In addition, in the southern part of Nansha, soft soils are widely distributed, with thicknesses generally exceeding 15 m and locally surpassing 25 m, as shown in the soft soil thickness map in Figure 7A. The subsidence rate map of Nansha District (Figure 4A) reveals that widespread mild subsidence is present in the southern areas, the spatial pattern is similar to the distribution of thick soft soil layers. After excluding monitoring points within construction and aquaculture zones, subsidence rates across six soft soil thickness intervals were compared with the corresponding soil thickness, as shown in Figure 7B. The measured average subsidence rates exhibited a strong positive correlation with soft soil thickness. For thickness ranges of <10 m, 10–15 m, 15–20 m, 20–25 m, 25–30 m and >30 m, the corresponding average subsidence rates were −1.5 mm/year, 0.8 mm/year, 2.0 mm/year, 6.1 mm/year, 8.1 mm/year and 7.6 mm/year, respectively. The results demonstrate a clear positive correlation between average subsidence rates and soft soil thickness.
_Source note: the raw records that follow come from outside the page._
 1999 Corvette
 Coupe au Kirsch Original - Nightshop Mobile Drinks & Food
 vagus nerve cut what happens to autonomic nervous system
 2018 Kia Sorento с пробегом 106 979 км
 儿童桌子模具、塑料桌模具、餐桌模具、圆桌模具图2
However, when the soft soil thickness exceeds 30 m, the correlation becomes weaker, mainly because areas with thickness greater than 30 m are largely aquaculture zones with fewer monitoring points. Therefore, in this work, the fitting was performed using average subsidence rates corresponding to soft soil thicknesses below 30 m. A linear fit yielded a high coefficient of determination (R2 = 0.959), while a second-order polynomial fit provided an even better approximation of the data, with an R2 value of 0.974, as illustrated in Figure 7C.

Figure 7
(A) Map showing soft soil thickness in varying colors from green to red, indicating depth levels from less than 10 meters to more than 30 meters. (B) Graph displaying subsidence rate versus soft soil thickness with a trend line for average rates. (C) Plot showing a quadratic relationship between average subsidence rate and soft soil thickness, with high correlation values. (D) Satellite map overlay indicating subsidence rates in colors, with a legend showing rates from -20 to 20 millimeters per year, highlighting urban built-up areas (within white rectangles) and custom rural housing areas (in green). (E) Satellite view with building height data, color-coded by height ranges. (F) Map with colored zones showing soft soil thickness within a region similar to panel A.
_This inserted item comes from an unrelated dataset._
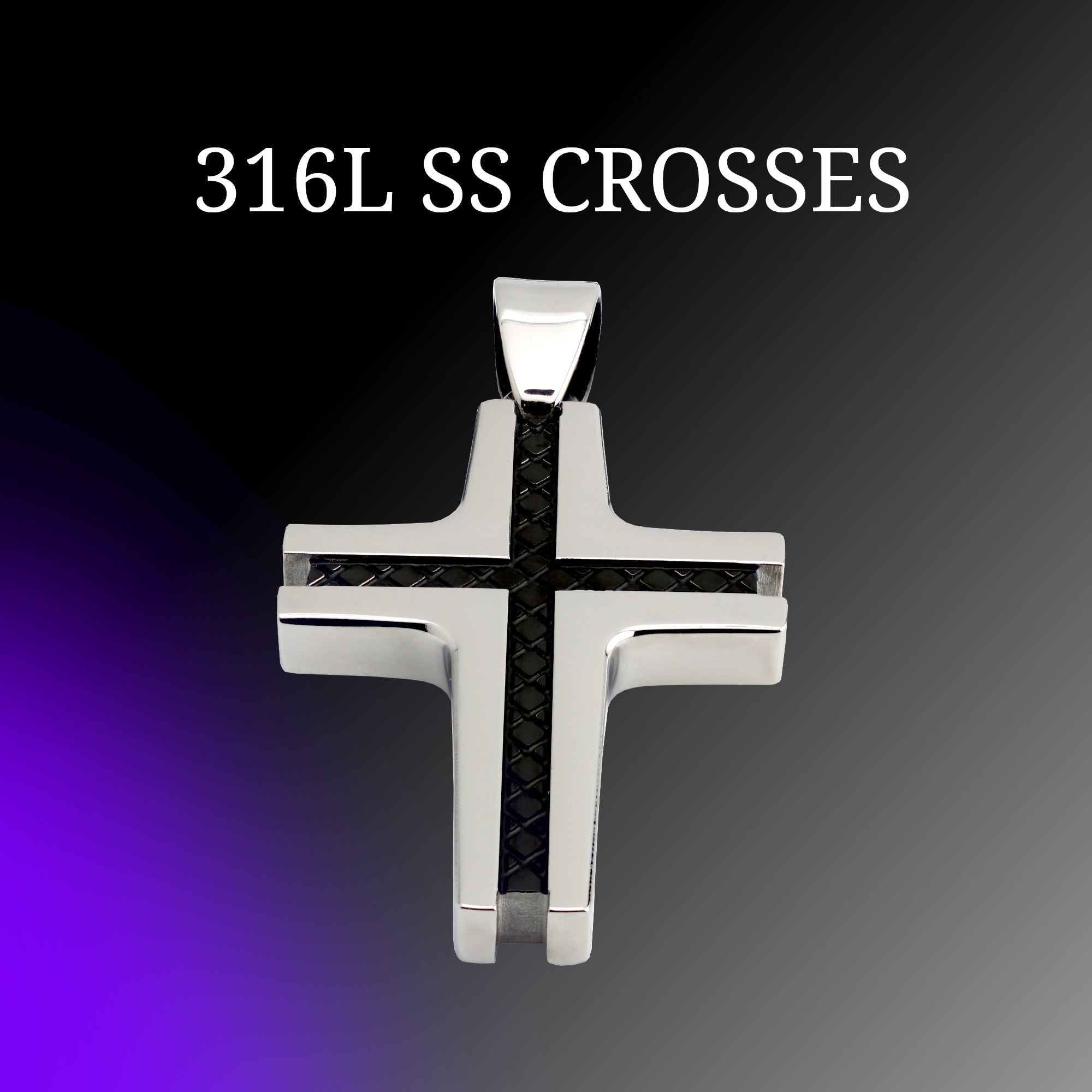 Translation missing: en.316L Crosses: 316L Crosses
Figure 7. Relationship between soft soil and subsidence: (A) Soft soil thickness; (B) Distribution of subsidence rates across different soft soil thickness zones; (C) Relationship between soft soil thickness and average subsidence rate; (D–F) Subsidence rate, building height, and soft soil thickness in urban built-up areas and custom rural housing areas, respectively.
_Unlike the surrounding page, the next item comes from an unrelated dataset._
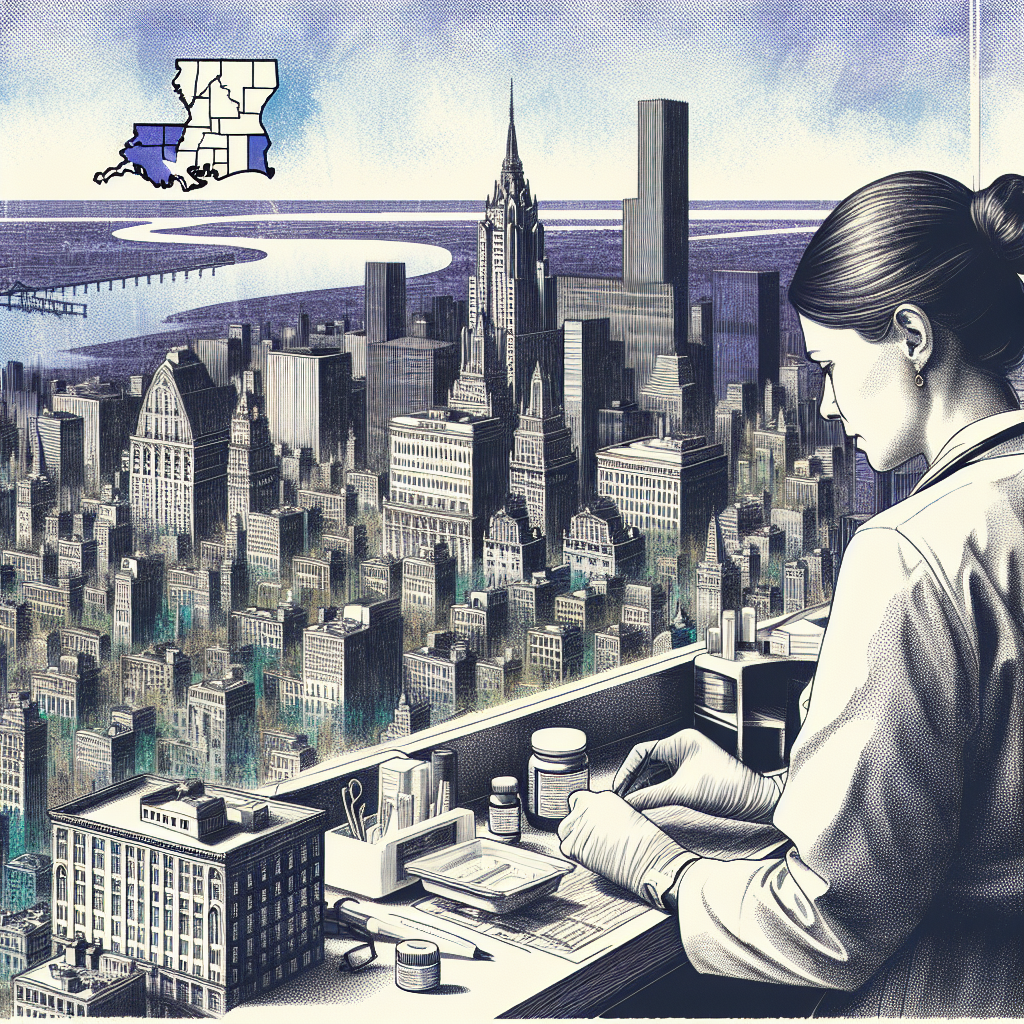 New York Physician Charged for Dispensing Abortion Medication to Louisiana Patient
It is noteworthy that within each soft soil thickness interval, some points exhibit relatively small subsidence (Figure 7B), which may be related to building foundation treatments. Our analysis indicates that in most deep soft soil areas of Wanqingsha, subsidence in mature urban construction zones is lower than that observed in custom rural housing areas. A comparative analysis was conducted between one urban construction zone and one rural custom rural housing zone, both with an average soft soil thickness of approximately 25 m, as shown in Figure 7D. In Area B (blue box in Figure 7D), with an average building height of 7.1 m and an average floor area of 81 m2, the mean subsidence rate is 9.4 mm/year. In contrast, in Area A (white box in Figure 7D), with an average building height of 9.5 m and an average floor area of 200 m2, the mean subsidence rate is only 4.0 mm/year. This observation diverges from conventional building load–subsidence theory, suggesting that building loads are not the dominant factor controlling land subsidence. The underlying reason may be that high-rise buildings generally adopt pile foundations or other forms of deep foundations, whereas custom rural houses mostly rely on shallow foundations, which impose their loads directly on shallow soft soil layers, thereby leading to more pronounced surface subsidence.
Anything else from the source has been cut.